What's in a beard? Nothing, perhaps. Or, maybe everything.
This year's Red Sox team is on the brink of making baseball history by going from last place (last season) to first (this season). The Yankees, on the other hand, are on the brink of being left out of the postseason altogether. (And as a Sox fan, there are few sentences I could enjoy typing as much as that last one.)
This year, the Sox are a heavily bearded bunch. The Yankees, of course, haven't been allowed to wear facial hair since the beginning of the Steinbrenner regime back in 1973. (Though they can grow mustaches, which seems moronic. It's all facial hair. Why elevate the mustache to some symbol of civilization at the expense of the beard? the goatee? the lamb chop?

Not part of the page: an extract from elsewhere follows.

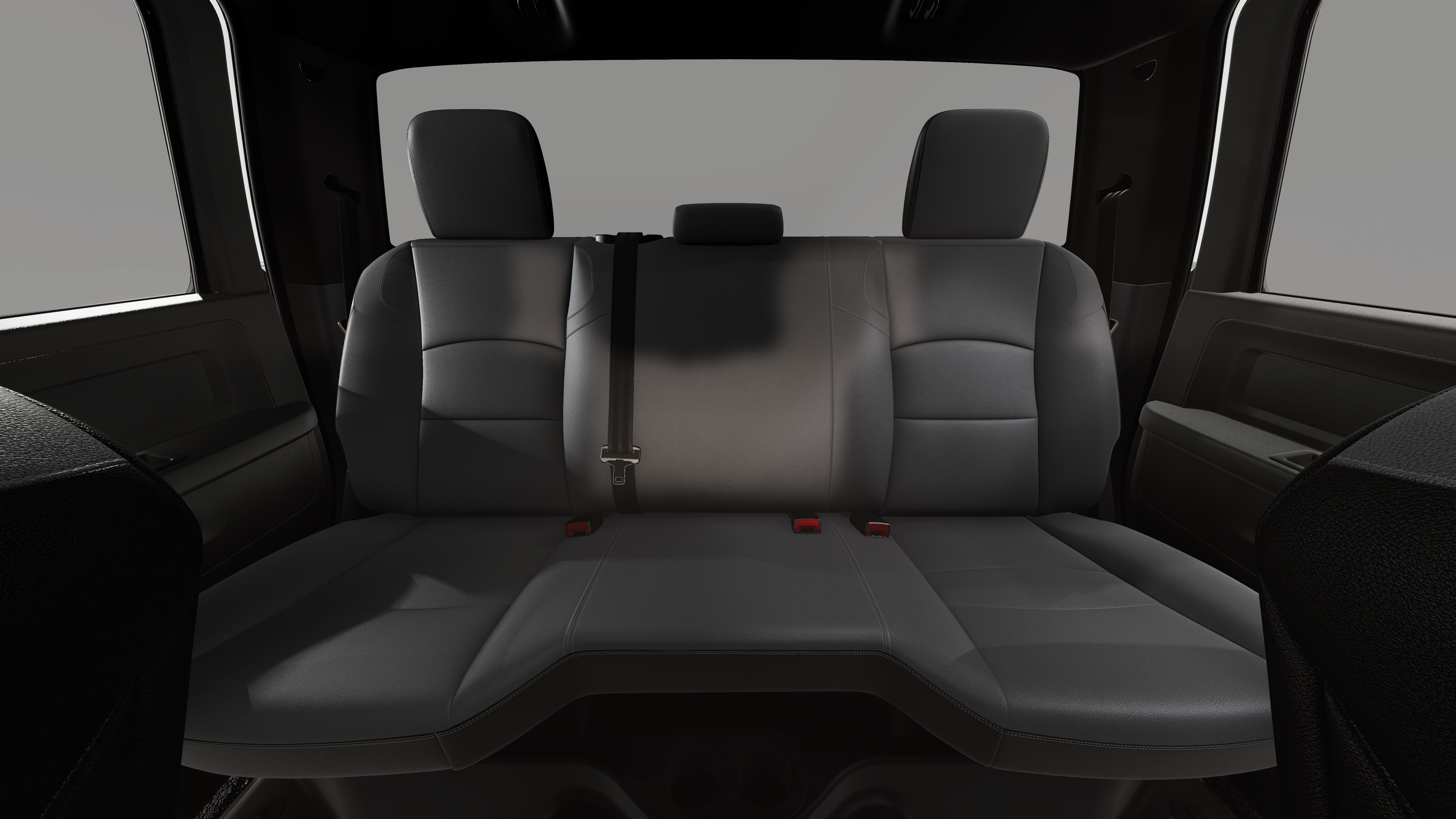 2026 RAM 3500 Chassis Cab RAM 3500 TRADESMAN CREW CAB CHASSIS 4X4 60' CA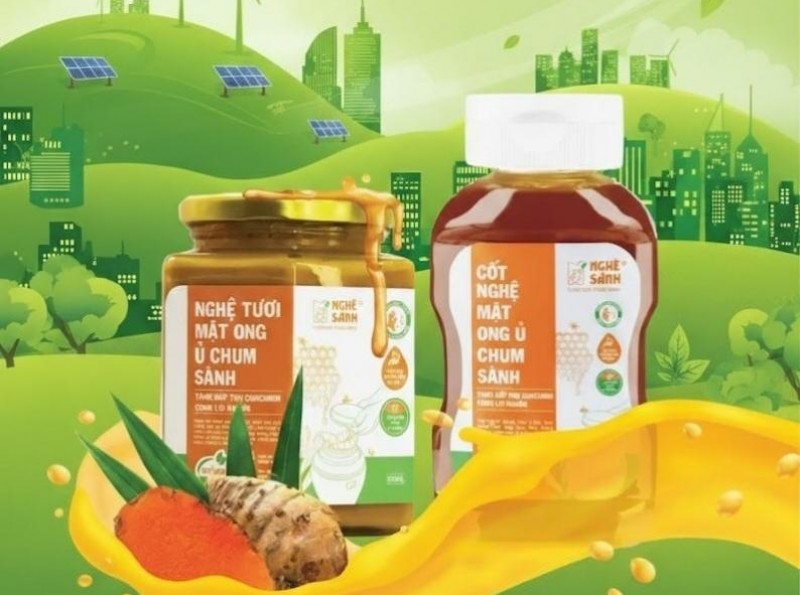 Tự hào Nghệ Sành là thương hiệu xanh bền vững: Mỗi năm giúp giảm tiêu thụ hàng ngàn Kwh điện và CO2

But I digress.)
As per this past weekend's series between the Sox and Yankees, as well as this upcoming weekend's upcoming series revisited, there's been a great deal of press regarding the bearded Sox and their season-long success.
Just this past week alone, both The New York Times (“Bonding with Beards, the Red Sox Repair their Clubhouse Chemistry”) and The New Yorker (“The Joy of Sox”) attributed this season's Beantown baseball success, in part, to their facial hair. Closer to Fenway, Boston Globe blogger Obnoxious Boston Fan's recent post (“This year, beards mean baseball in Boston”) provides a nice, concise history of Boston's boys of summer, and their year by year shaving patterns (or lack thereof), including a 1977 team photo, featuring a fully bearded Bill “The Spaceman” Lee, a mustachioed Jim Rice, and a Fu Manchued El Tiante (Luis Tiant).
My coming of age as a fan Sox season was 1986. I don't quite remember how that team fared, but I do vividly recall that a majority of their lineup (Wade Boggs, Bill Buckner, Jim Rice, Dwight Evans, Don Baylor, Dave "Hindu" Henderson, etc.) wore facial hair.
Similarly, Boston's 2004 World Series winning squad was likewise a scruffy bunch, with the perpetually unshaved dirtdog posterboy Trot Nixon, fully bearded Johnny (Jesus hair) Damon, and neatly goateed Tim Wakefield, not to mention Manny Ramirez, David Ortiz, and so forth.
This year's Sox club has taken facial hair to the extreme. But after the past two years, maybe that's exactly what it took to see the season clear into October.
Either way, it will be a lot easier than usual to tell the two teams apart at Fenway this weekend. And I can't help but feel that those Yankees players will wish they could put down the razor and have some fun for just a few games.